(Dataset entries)
---

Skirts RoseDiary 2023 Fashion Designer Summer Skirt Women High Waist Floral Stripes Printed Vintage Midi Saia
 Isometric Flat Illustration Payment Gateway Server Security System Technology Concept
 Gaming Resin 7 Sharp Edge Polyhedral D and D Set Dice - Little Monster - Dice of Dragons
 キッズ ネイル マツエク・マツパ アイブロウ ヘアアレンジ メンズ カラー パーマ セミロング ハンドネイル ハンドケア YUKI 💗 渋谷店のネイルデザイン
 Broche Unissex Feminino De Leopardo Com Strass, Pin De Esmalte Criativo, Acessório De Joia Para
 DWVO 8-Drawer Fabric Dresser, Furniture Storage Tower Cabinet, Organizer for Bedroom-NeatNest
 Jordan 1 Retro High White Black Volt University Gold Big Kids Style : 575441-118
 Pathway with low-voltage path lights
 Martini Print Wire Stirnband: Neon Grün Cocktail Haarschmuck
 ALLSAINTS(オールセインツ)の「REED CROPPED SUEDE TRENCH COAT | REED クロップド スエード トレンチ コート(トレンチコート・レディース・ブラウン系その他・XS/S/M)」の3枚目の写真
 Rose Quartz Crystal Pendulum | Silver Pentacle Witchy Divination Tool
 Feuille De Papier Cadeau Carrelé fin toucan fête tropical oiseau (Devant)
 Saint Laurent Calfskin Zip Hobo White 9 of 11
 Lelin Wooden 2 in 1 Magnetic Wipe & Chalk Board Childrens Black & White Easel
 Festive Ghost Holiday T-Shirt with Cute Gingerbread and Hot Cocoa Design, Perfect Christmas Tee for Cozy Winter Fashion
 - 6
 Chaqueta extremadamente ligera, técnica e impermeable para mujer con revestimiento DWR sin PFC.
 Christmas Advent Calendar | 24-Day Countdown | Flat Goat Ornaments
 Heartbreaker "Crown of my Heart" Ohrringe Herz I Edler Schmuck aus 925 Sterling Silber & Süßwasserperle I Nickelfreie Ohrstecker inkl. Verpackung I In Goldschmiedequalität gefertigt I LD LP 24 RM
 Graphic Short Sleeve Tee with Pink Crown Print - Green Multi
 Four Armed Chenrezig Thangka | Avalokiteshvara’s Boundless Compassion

---

■ **TASK GOAL**
Lines in the data that include the word "Crown" should all be copied.

■ **RESPONSE**
 Heartbreaker "Crown of my Heart" Ohrringe Herz I Edler Schmuck aus 925 Sterling Silber & Süßwasserperle I Nickelfreie Ohrstecker inkl. Verpackung I In Goldschmiedequalität gefertigt I LD LP 24 RM
 Graphic Short Sleeve Tee with Pink Crown Print - Green Multi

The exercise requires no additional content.